AI can produce “plausible text,” but not “what actually happened.” The greatest weapon that SMEs possess is a verifiable real story that is not fictional.

What Specifically Should Be Done: Three Practices

1. Use AI to Ensure “Quantity” and Humans to Create the “Core”

There’s no need for everything to be created by humans. In fact, that would be inefficient.

A practical distribution would look like this:

Content Type AI Utilization Human Role Monthly Cost Estimate
Standard social media posts (announcements, etc.) 90% Final check only About 5,000 yen
Blog articles (how-to) 70% Structure design, inserting personal experiences About 10,000 to 20,000 yen
CEO/employee communications (core content) 10% Personal narration/writing Time cost only
Customer case studies/interviews 20% Research/editing About 20,000 to 30,000 yen

For 50,000 to 80,000 yen a month, both AI-generated content and core content that only humans can create can be produced. This would have cost 300,000 to 500,000 yen three years ago.

The key point is to clearly separate the “core content”. It’s not about leaving everything to AI or having everything done by humans. Draw a line for “this part must be done by humans.”

2. Switch to Content That Leaves “Evidence”

Content that earns trust in the AI era has a common trait: it has evidence.

  • Photos of the manufacturing process (unedited)
  • Actual interactions with customers (with permission)
  • Handwritten notes from employees
  • Stories of failures and subsequent improvement processes
  • Episodes with specific dates and locations

These serve as evidence of “what really happened,” rather than just “plausibility.” This is the biggest differentiating factor from AI-generated content.

A local food manufacturer captures the morning scenes in their factory every day with a smartphone and posts them on Instagram. No edits, no filters. The cost per post is almost zero. Yet, there is “today’s reality” that cannot be created by AI. Their follower count may be lower than that of major food manufacturers, but their engagement rate is reportedly over five times higher.

3. Intentionally Design “Traces of Human Involvement”

This may sound paradoxical, but we live in an era where human-like qualities must be “designed” to be conveyed.

This is because AI-generated content can be “somewhat human-like.” In some cases, AI-generated text is even easier to read than text written by humans without thought.

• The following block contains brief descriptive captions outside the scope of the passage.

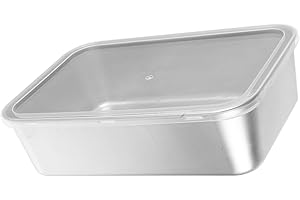 Angoily Rectangular Stainless Steel Tiramisu Baking Pan with Lid, Thickened 22.5x14.5x6.2cm Oven-Safe Cake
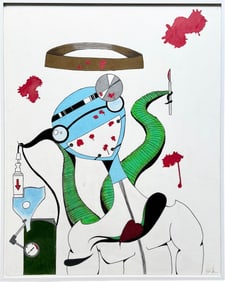 Nicely Framed Contemporary Surrealist Watercolor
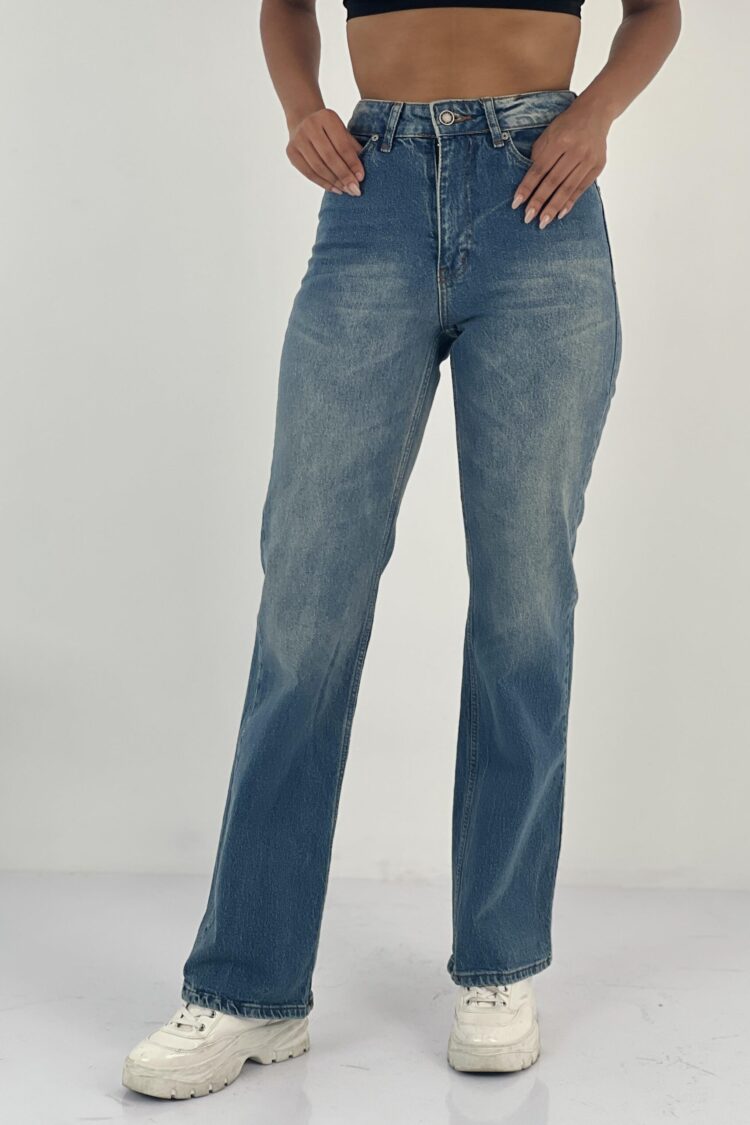 Mom Jeans High Waist Straight Leg Buttoned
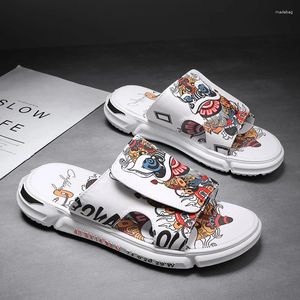 Slippers Outdoor Trendy And Fashionable Summer Personalized For Men's One Line Beach Flip Flops Shoes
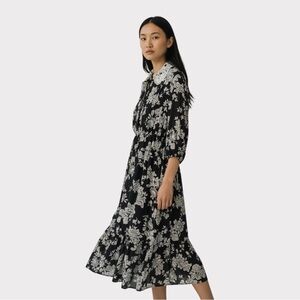 Red + Olive Floral Black and White Midi Dress with Delicate Lace Collar, size XL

That’s why it’s essential to intentionally include elements that make it clear, “this was thought up by a human.”

  • Proper nouns: “Last week, I heard a story from Mr. △△ in ○○ City.”
  • Granularity of numbers: Instead of saying “sales increased,” say “March orders increased by 23 compared to the previous year.”
  • Emotional fluctuations: “Honestly, I thought it would fail at first.”
  • Imperfections: A slightly rougher text feels more human than a perfectly polished one.

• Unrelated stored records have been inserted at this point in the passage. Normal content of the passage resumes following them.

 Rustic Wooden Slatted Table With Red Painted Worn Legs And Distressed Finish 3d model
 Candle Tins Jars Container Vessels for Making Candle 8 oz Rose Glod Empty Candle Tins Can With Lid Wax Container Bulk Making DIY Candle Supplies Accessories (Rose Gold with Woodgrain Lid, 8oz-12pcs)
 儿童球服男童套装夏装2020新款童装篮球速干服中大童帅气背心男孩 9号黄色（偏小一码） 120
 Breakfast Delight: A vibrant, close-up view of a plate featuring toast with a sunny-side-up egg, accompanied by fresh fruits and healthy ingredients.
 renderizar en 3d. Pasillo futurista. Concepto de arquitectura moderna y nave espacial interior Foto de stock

AI excels at writing “generally correct things.” Conversely, “specific, individual, and imperfect things” are areas where AI struggles, and where humans shine.

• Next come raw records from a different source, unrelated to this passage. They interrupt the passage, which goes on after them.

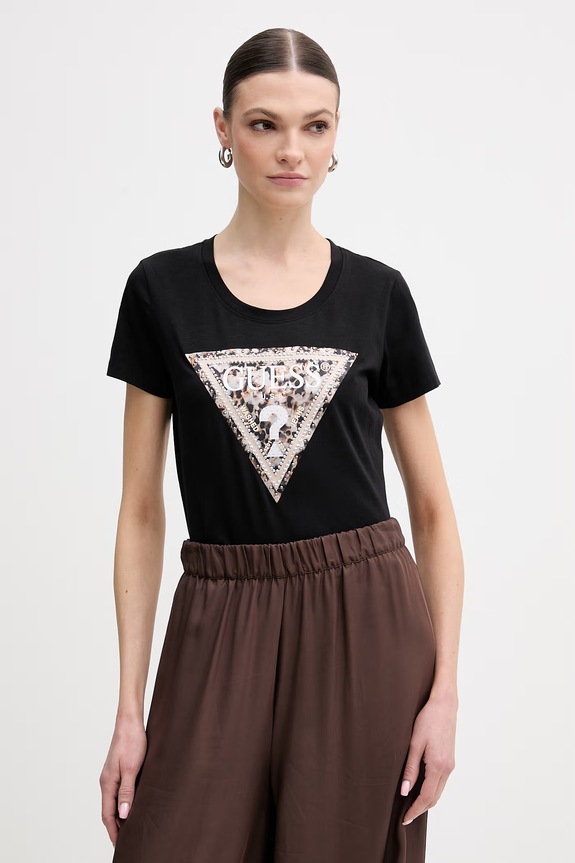 Guess t-shirt LEO z elastanem czarny W6RI32.J1314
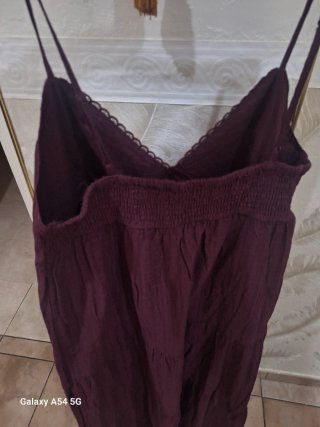 Vestito donna viola con pizzo
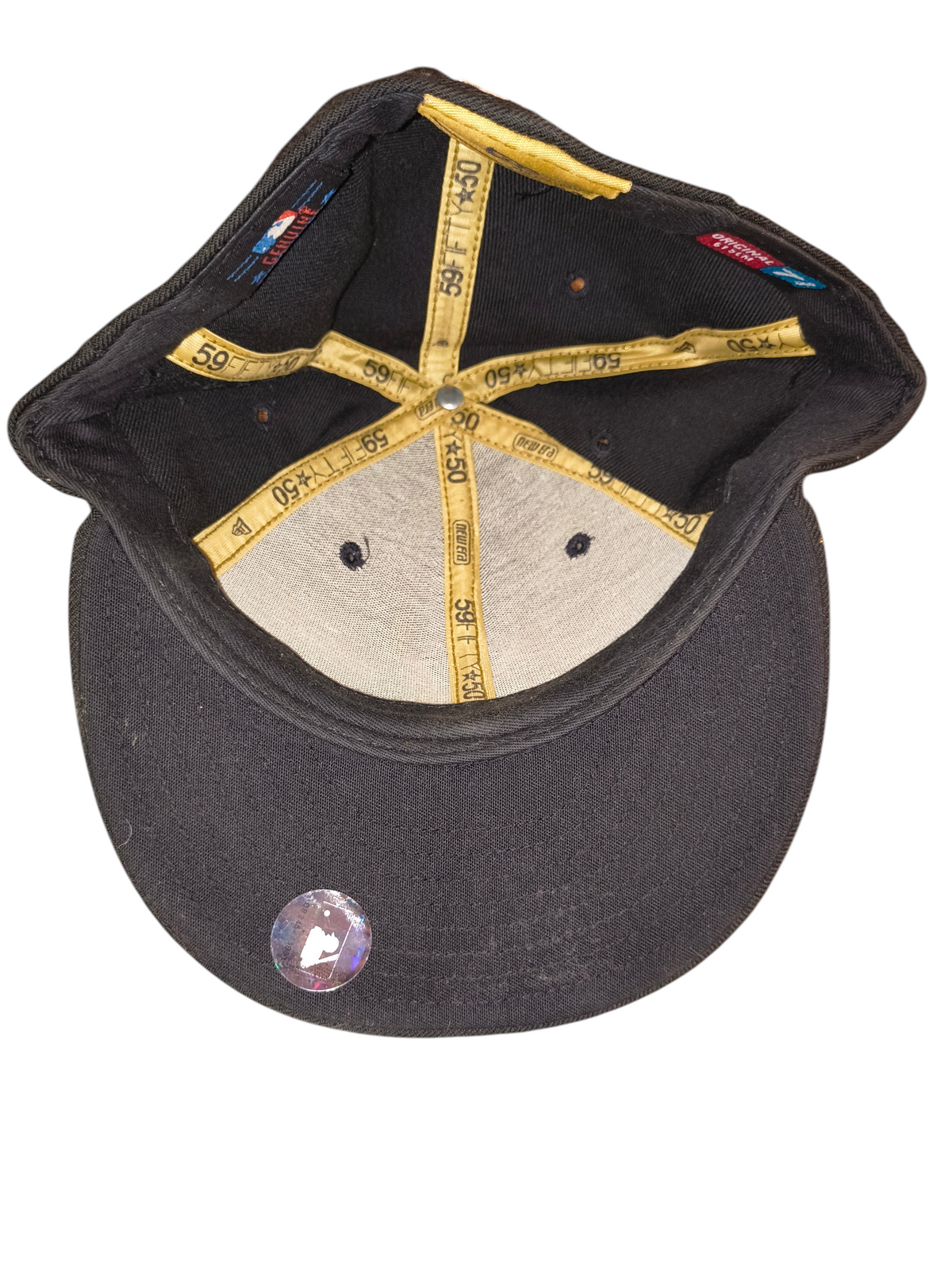 Awsum Thrift New Era 59FIFTY New York Yankees 50th Anniversary fitted hat interior view showing branded taping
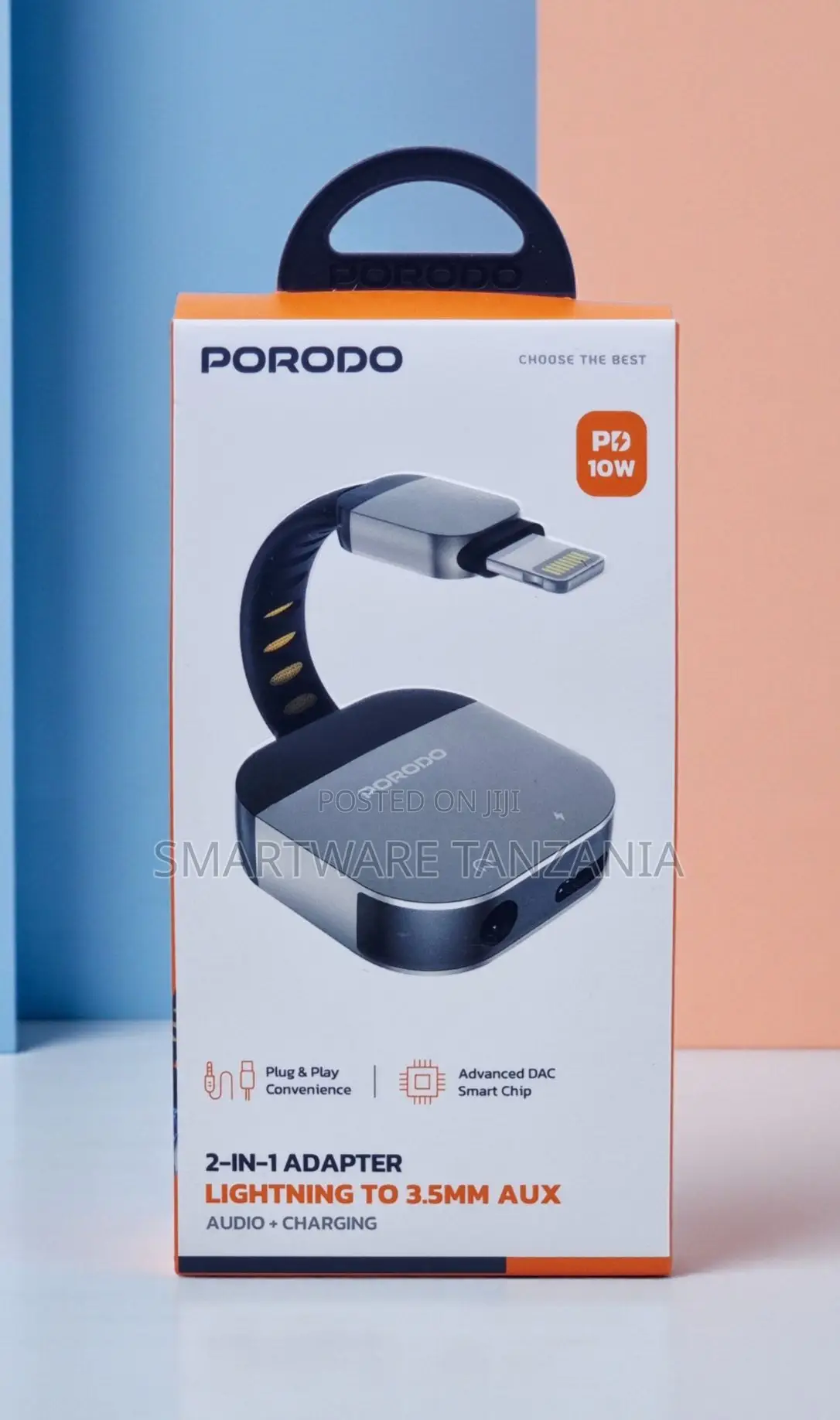 Porodo 2-in-1 Lightning To 3.5mm Aux Adapter 10w Charging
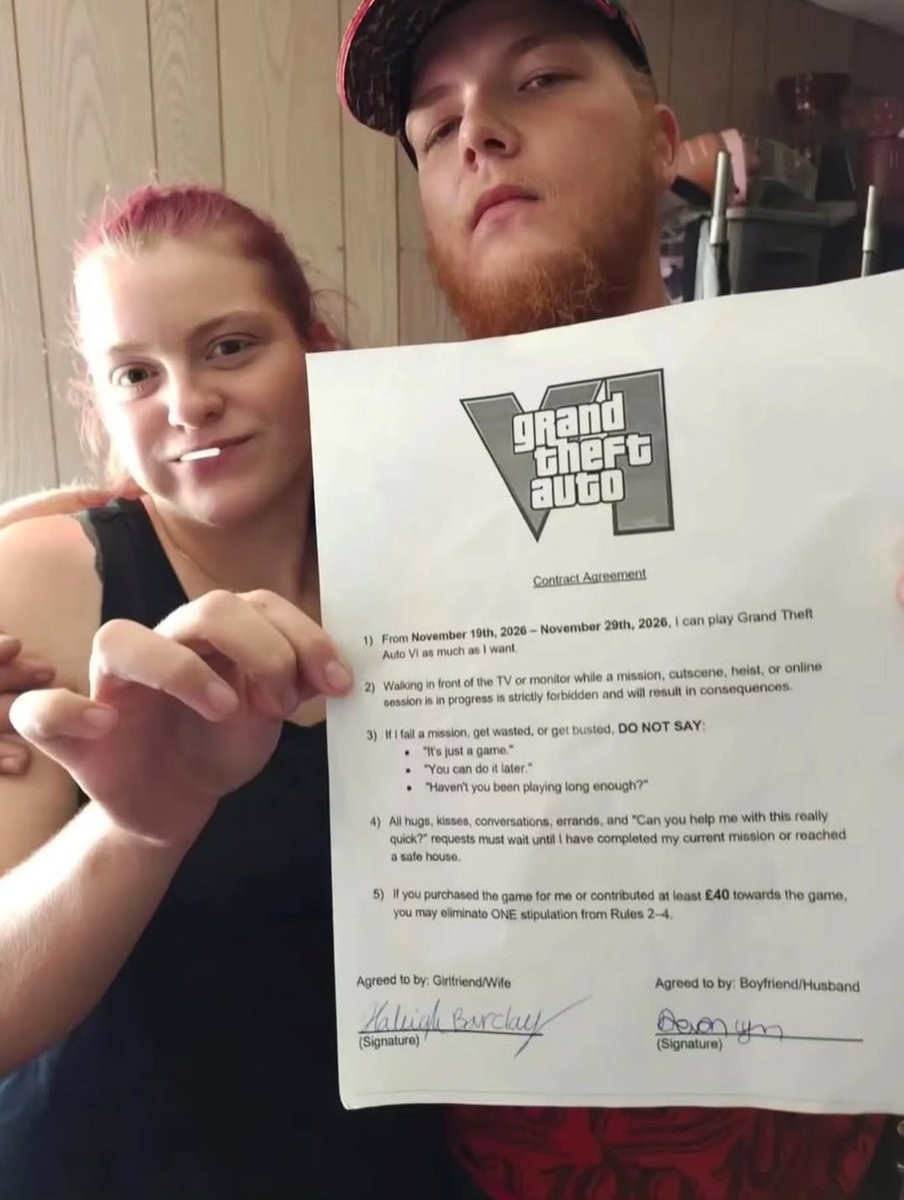 GTA6下月就发售 情侣签游戏协议 这十条生存规则赶紧看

The Real Question Is Not “What to Disseminate”

The figure of 44% on Deezer indicates not just that “AI is impressive.”

When the cost of creating content approaches zero, the value of “creating” itself diminishes.

What remains valuable?

  • Judgment on what to create
  • The will to create it
  • Trust in who is saying it

These three cannot be replaced by AI. And these three are stronger in SMEs than in large corporations. This is because the decision-makers in SMEs are visible. The CEO can decide, “We will do this,” and disseminate it under their name. This is a feat that large corporations cannot achieve.

What SMEs should do in the AI era is neither to fear AI nor to ignore it.

Delegate what AI can do to AI, and spend time on what only humans can do.

And what only humans can do is not just writing beautiful sentences. It is narrating what happened in their own field, in their own words, under their own name.

That will be the only form of dissemination that does not sink in the flood of AI-generated content.